DATA EXCERPT:
****
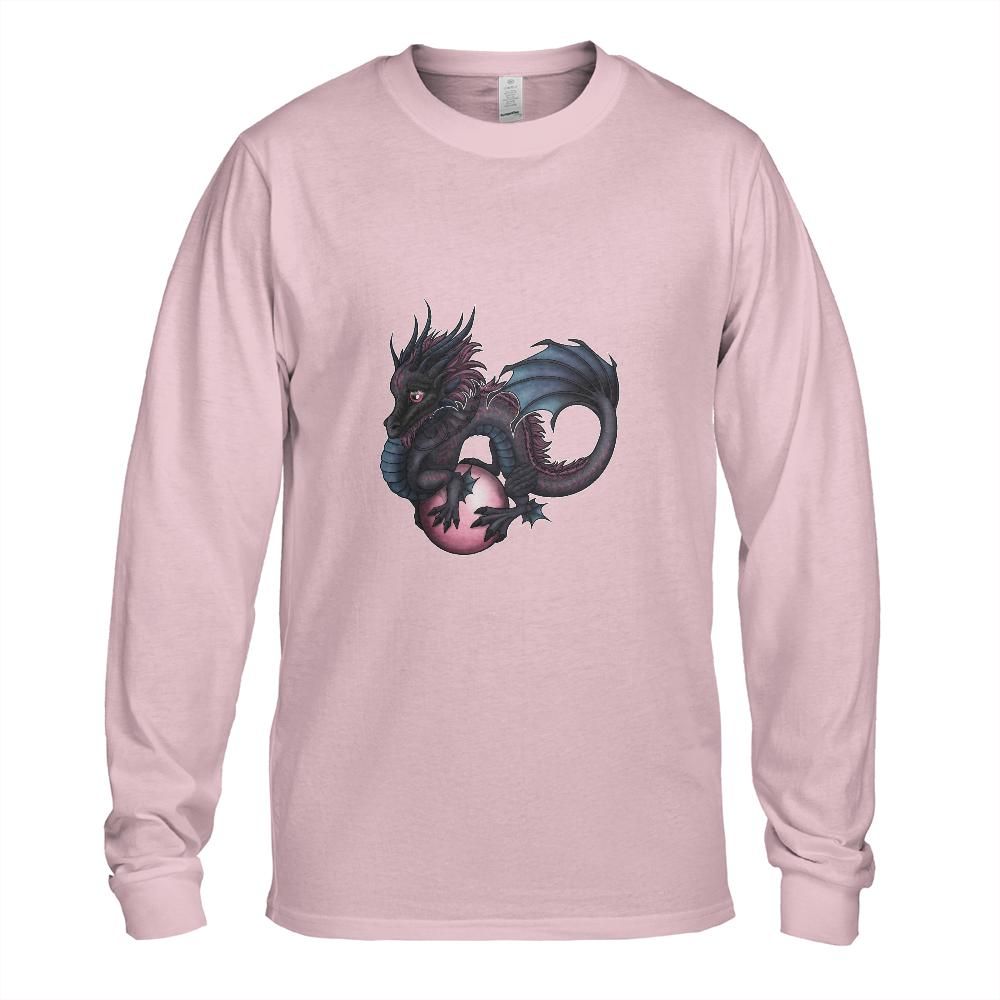 Chibi Chi Fu Longsleeve Shirt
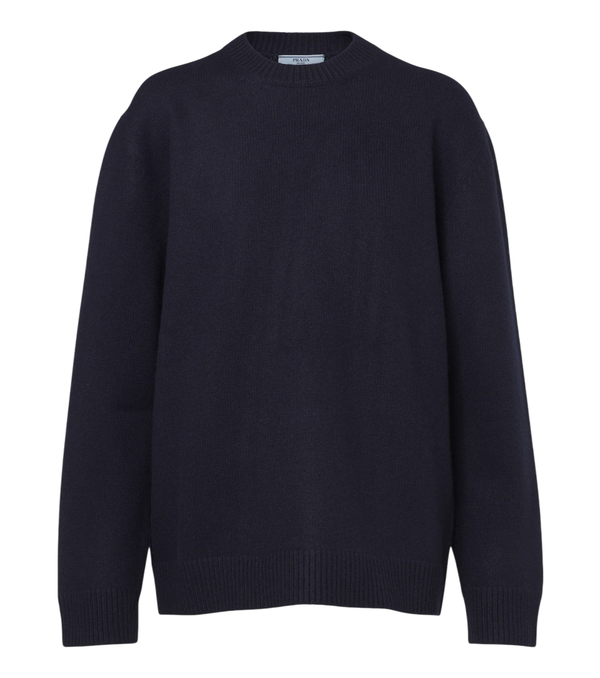 Prada Virgin wool sweater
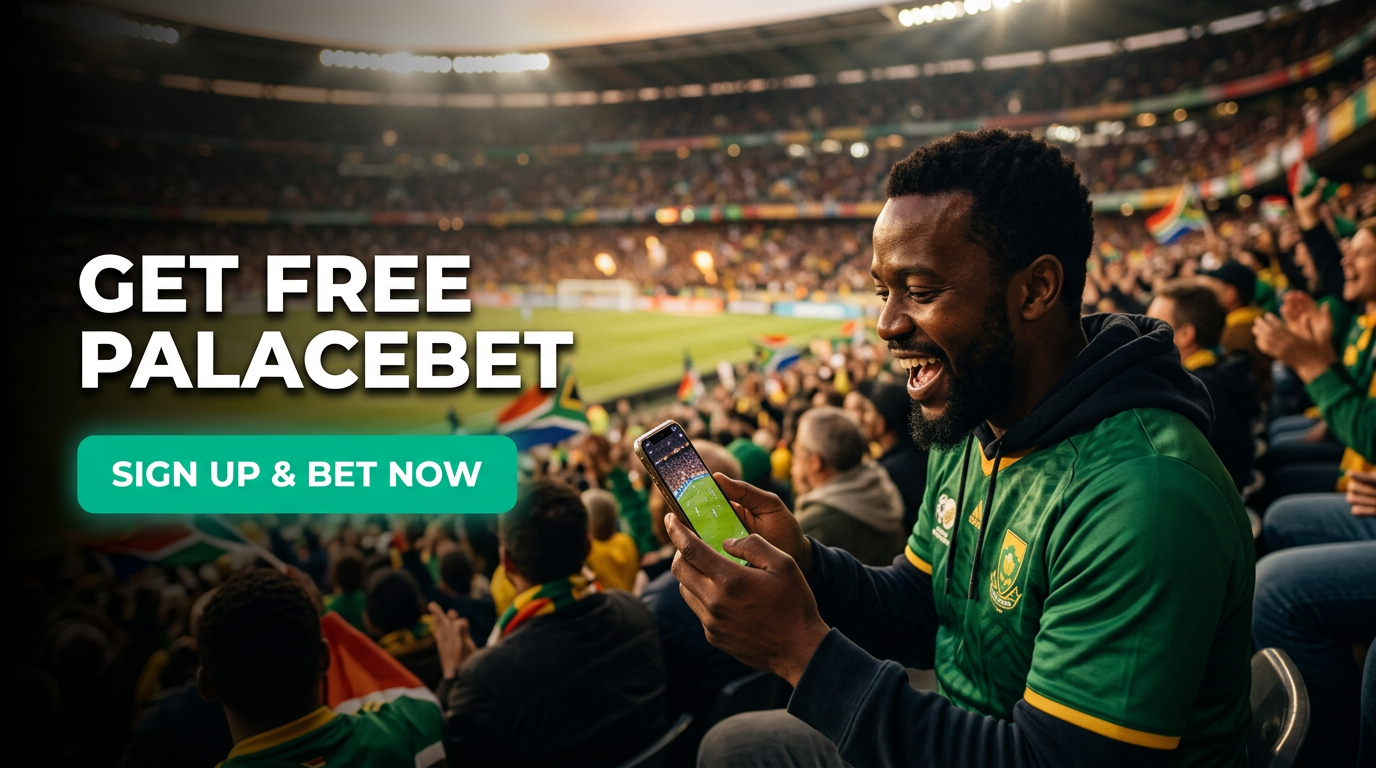 Get Free Palacebet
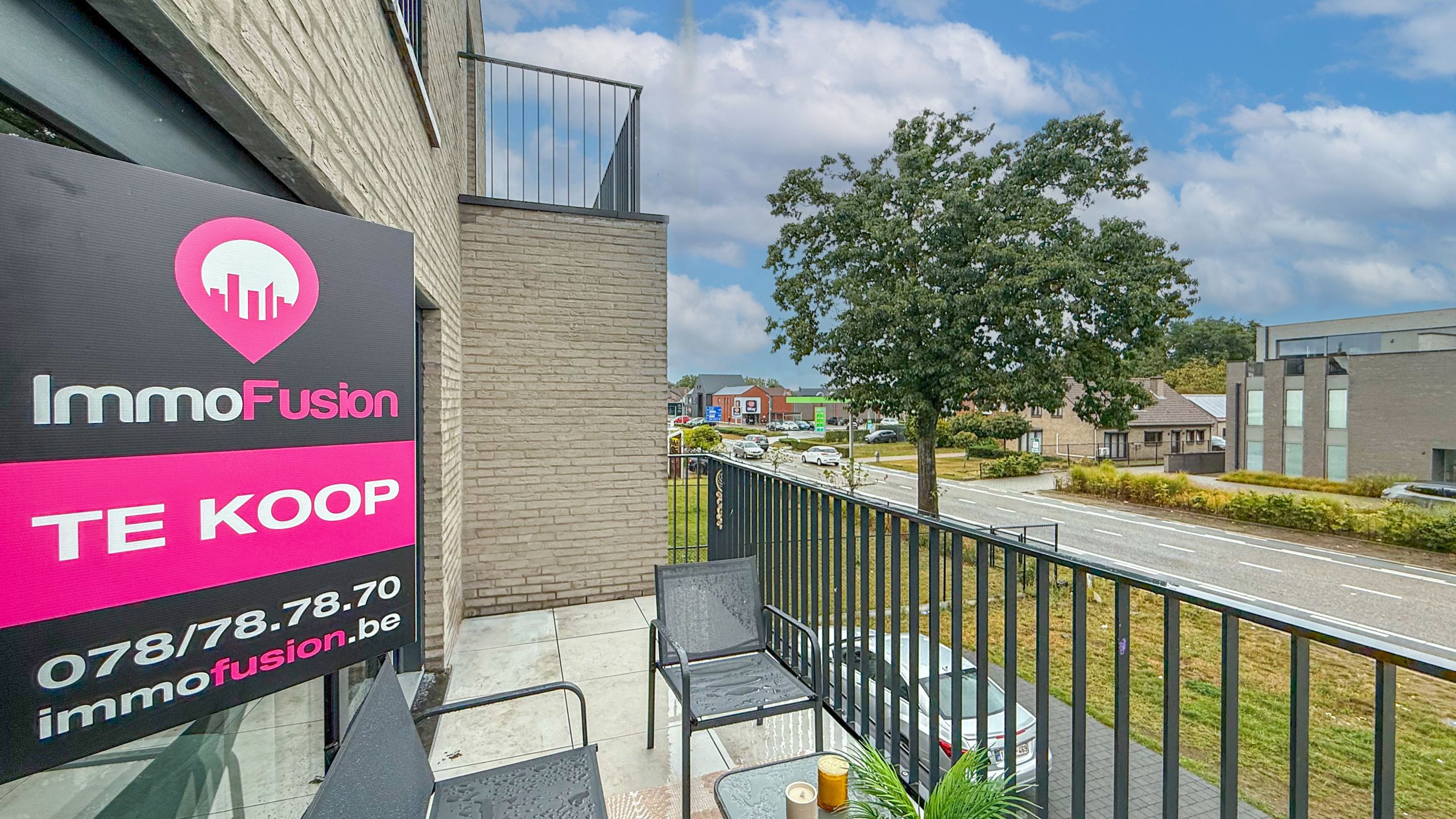 Nieuwbouw modern duplex appartement met 4 slpk te Boekt! foto 19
****
ABOUT THIS EXERCISE: The final stretch of the data, from the line with "Prada Virgin wool sweater" through its last line, is to be retyped exactly; pictures are not part of the copy.

EXERCISE RESULT:
 Prada Virgin wool sweater
 Get Free Palacebet
 Nieuwbouw modern duplex appartement met 4 slpk te Boekt! foto 19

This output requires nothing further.